After several months of the cold and prolonged darkness of winter it’s an eagerly anticipated delight to see the first sparkling flowers of the year emerge. Amongst the highlights are surely twinkling snowdrops, glossy winter aconites and vivid crocus.
For many people the first glimpse of snowdrops is a sure sign that spring is coming. The dazzling white flowers are a boon for insects and this is a plant that requires absolutely no maintenance. There was a misconception at one time that snowdrops didn’t produce seeds, but they can if there are pollinators about and for any emerging queen bumblebee snowdrops could be a life-saver. Bumblebee Conservation Trust point out that in some areas the buff-tailed bumblebee is active in winter and that snowdrops can be a great source beyond the likes of Mahonia and winter-flowering heather.
Snowdrop have another endearing quality, they frequently evolve into patches or drifts. As you might expect given their eagerly anticipated early flowering they have an interesting social history. Once strongly associated with Candlemass, which falls 40 days after Christmas, they had a less celebrated association with churches as they were often planted around graveyards which for some meant that snowdrops were associated with death.
From the white of the snowdrop to the golden yellow of the winter aconite. This low plant can create a stunning display of yellow at what is often a grey time of year. It certainly lifts the spirits of many and it isn’t uncommon to see it flowering next to snowdrops making for a lovely sparkling display.

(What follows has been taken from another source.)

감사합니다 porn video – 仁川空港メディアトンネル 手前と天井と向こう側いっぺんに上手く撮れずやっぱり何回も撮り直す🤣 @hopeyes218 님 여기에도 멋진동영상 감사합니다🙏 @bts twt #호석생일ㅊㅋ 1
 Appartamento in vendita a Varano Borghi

The winter aconite, is reckoned to be a native of south west continental Europe and, just like the snowdrop, is naturalised in the UK. It has nothing to do with the ‘real’ aconite. Instead it’s a member of the buttercup family and loves deep deciduous woodland where it flowers before the tree canopy opens.
Without tree leaves “getting in the way” light can get down to ground level even at this time of year making the flowers very visible. The flowers reflect UV light suggesting that they are adapted to attract pollinators which can see the UV spectrum. As an early source of nectar winter aconite has a role in helping insects that venture out before spring is fully in swing.
And so to crocuses, where the colour range increases significantly. Spring-flowering crocus is a great source of early nectar and pollen for foraging bees and flies as the days begin to warm up. Indeed the sight of pollen-sprinkled bumblebees on purple crocuses with their vivid yellow stamen is an increasingly popular macro photograph these days.
As with many plants we can’t be 100% sure of how the crocus made it to Scotland, but it is reckoned that the bulb originated from parts of western China, the Middle East and Mediterranean parts of Europe. Again this isn’t a difficult plant to care for and provided the bulbs are not sunk too deeply they have a chance of doing well, and you certainly don’t need to tidy up after them once they have flowered. I do however note that I get the odd squirrel digging up the bulbs!
If you want to get your garden or container buzzing, these popular plants might be just thing for you. They will add a dash of early colour, and our pollinators will certainly benefit. Enjoy them this year if you have them, and perhaps plan for next year if you don’t!